Cette dernière voit aussi le verdissement comme une solution pour améliorer la qualité de vie des Montréalais, et donc prévenir leur exode vers la banlieue.

«Ça a une valeur incommensurable, les espaces verts», a d’ailleurs souligné vendredi la mairesse de Montréal, Valérie Plante, qui a pris part à ce forum virtuel. Elle a ainsi promis que la Ville continuera ses efforts pour augmenter le verdissement de la métropole. Un grand parc pourrait notamment prendre forme dans l’est de l’île au cours des prochaines années.

400 M$ pour le transport actif

La ministre fédérale de l’Infrastructure et des Collectivités, Catherine McKenna,  a d’ailleurs annoncé vendredi l’octroi de 400 M$ sur cinq ans pour aider les municipalités du pays à créer des aménagements destinés aux transports actifs. Ce fonds servira notamment à financer l’aménagement de sentiers, de pistes cyclables et de «passerelles pour piétons», indique un communiqué publié en matinée.
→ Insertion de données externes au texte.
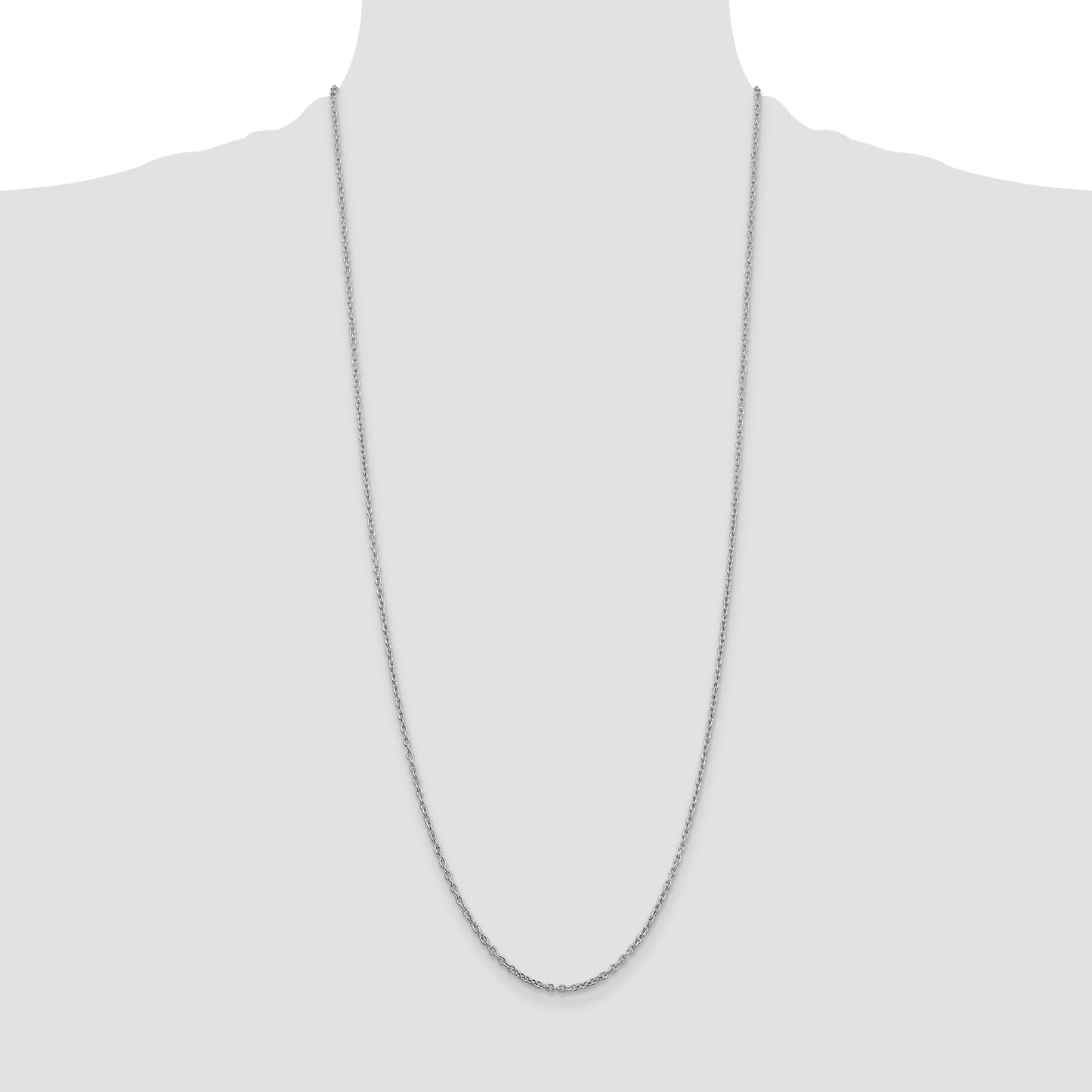 14K White Gold 30 inch 2mm Round Open Link Cable with Lobster Clasp Chain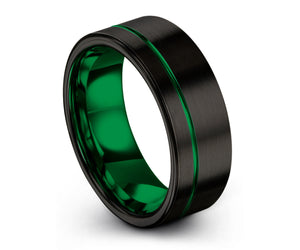Mens Wedding Band Black, Green Wedding Ring, Tungsten Ring 8mm, Personalized, Engagement Ring, Promise Ring, Gifts for Her, Gifts for Him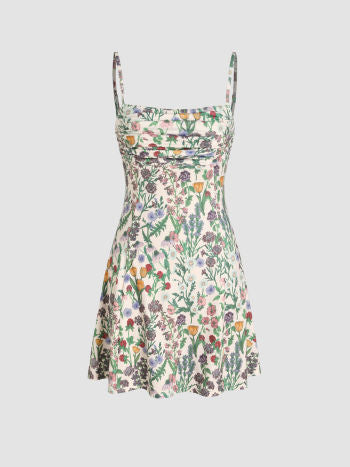 Cider Floral All Over Print Ruched Mini Dress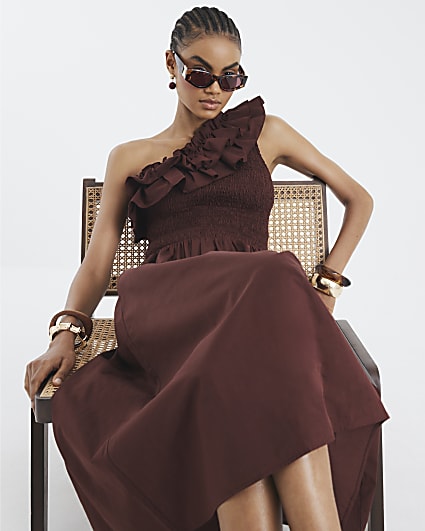 Brown One Shoulder Shirred Midi Dress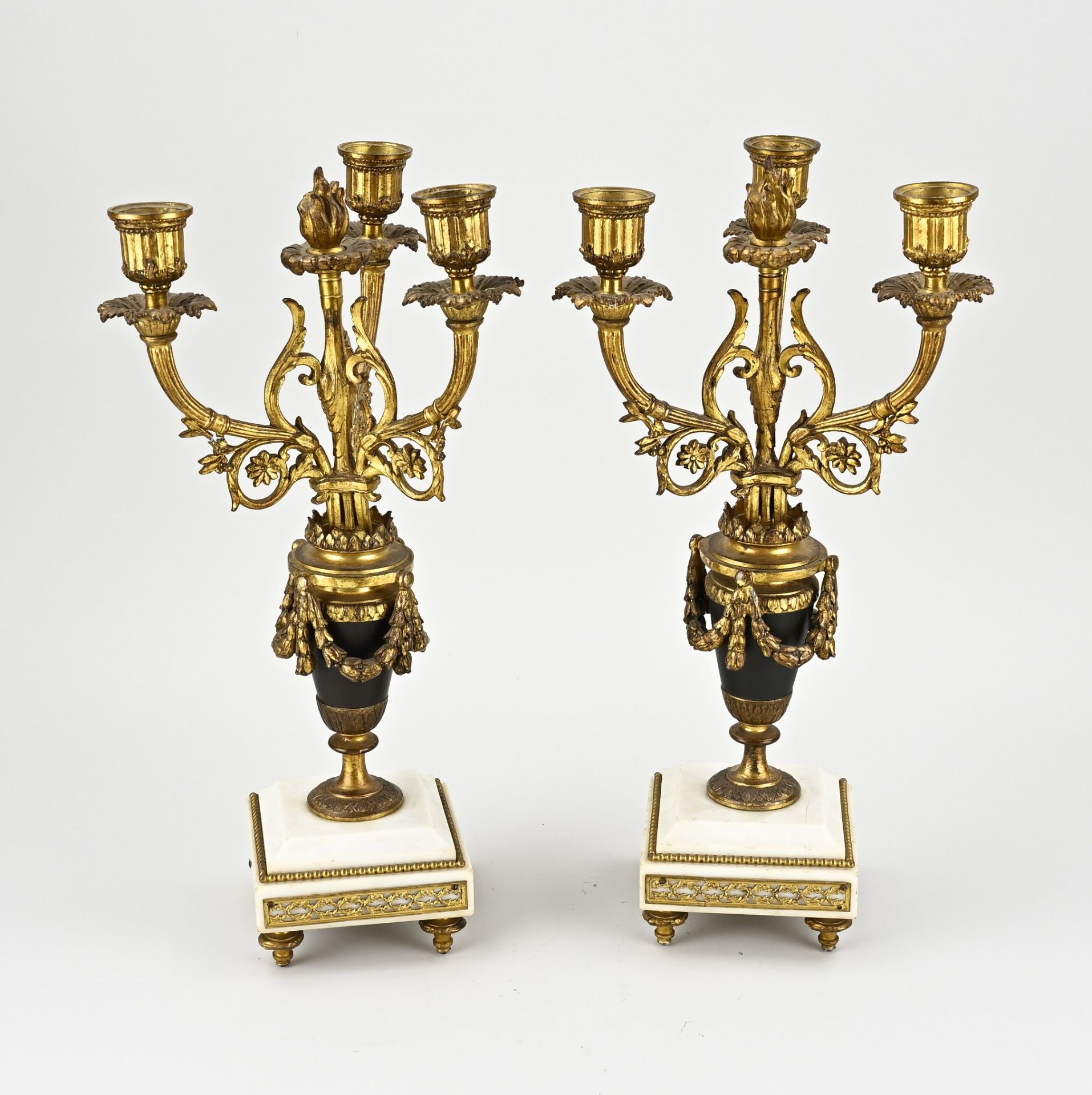 Two antique French candlesticks, H 40 cm.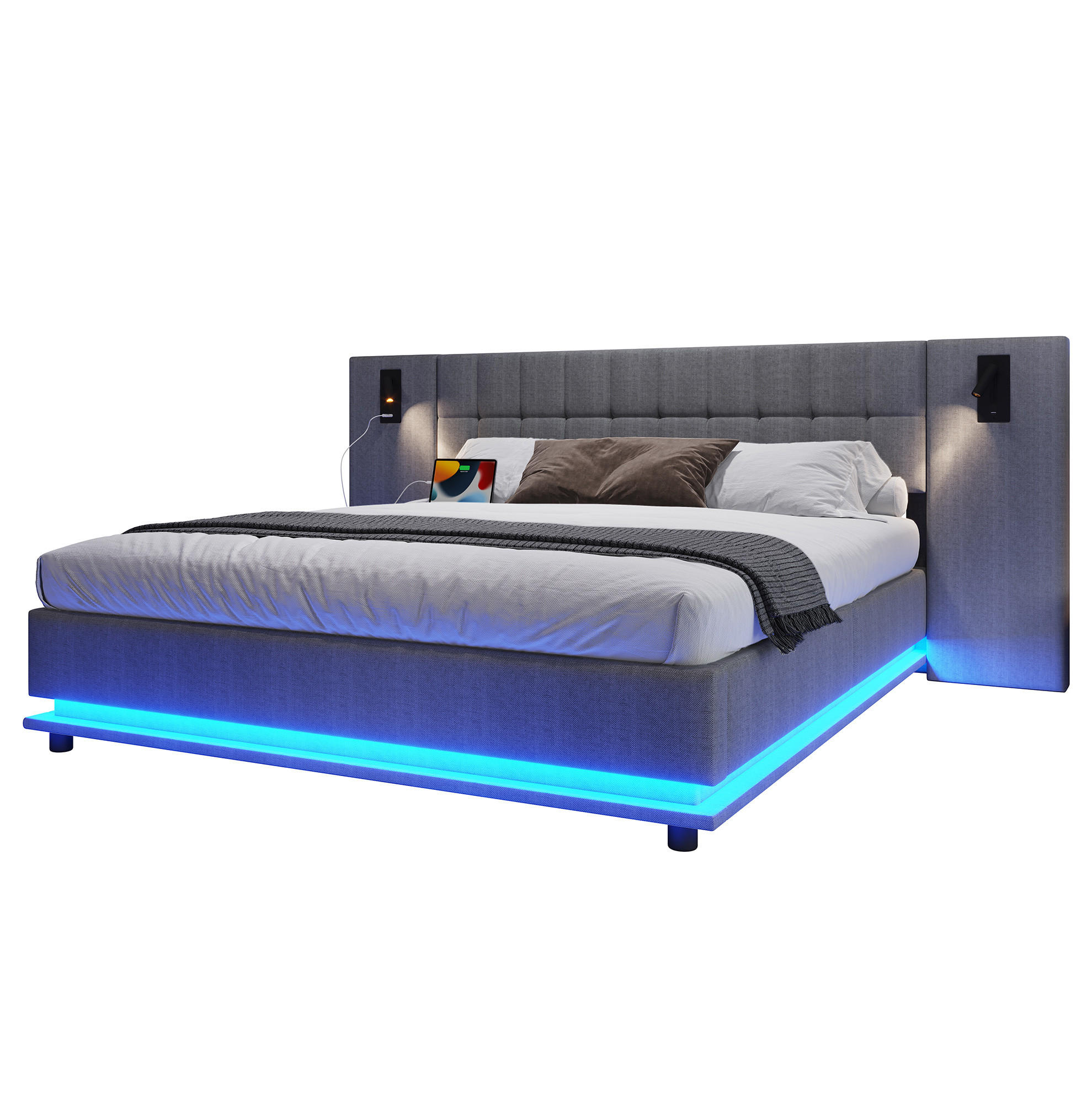POLSTERBETT 180/200 cm Grau aus Leinen mit LED-Leiste und USB - Grau, Textil (180/200cm) - OKMYHOME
«On sera au rendez-vous», a réagi Valérie Plante, qui entend bien bénéficier de ce fonds. Son cabinet n’a toutefois pu détailler à Métro ses attentes à cet égard, vendredi.

«Cette relance doit miser sur le transport.» -Valérie Plante, mairesse de Montréal

La Ville de Montréal a d’ailleurs l’ambition de créer des quartiers «zéro émission», où la grande majorité des déplacements pourra se faire avec des modes autres que la voiture à essence. Mme Plante a souligné à cet égard le développement à venir du quartier Lachine Est et du site de l’ancien hippodrome Blue Bonnets.

Le transport en commun ne sera d’ailleurs pas en reste alors que le prolongement de la ligne bleue du métro de Saint-Michel à Anjou est en cours et qu’un prolongement du Réseau express métropolitain vers l’Est est à l’ordre du jour.

«Ce sont deux grands projets qui ont la capacité de transformer Montréal, surtout dans la partie est de l’île», a rappelé Mme Plante.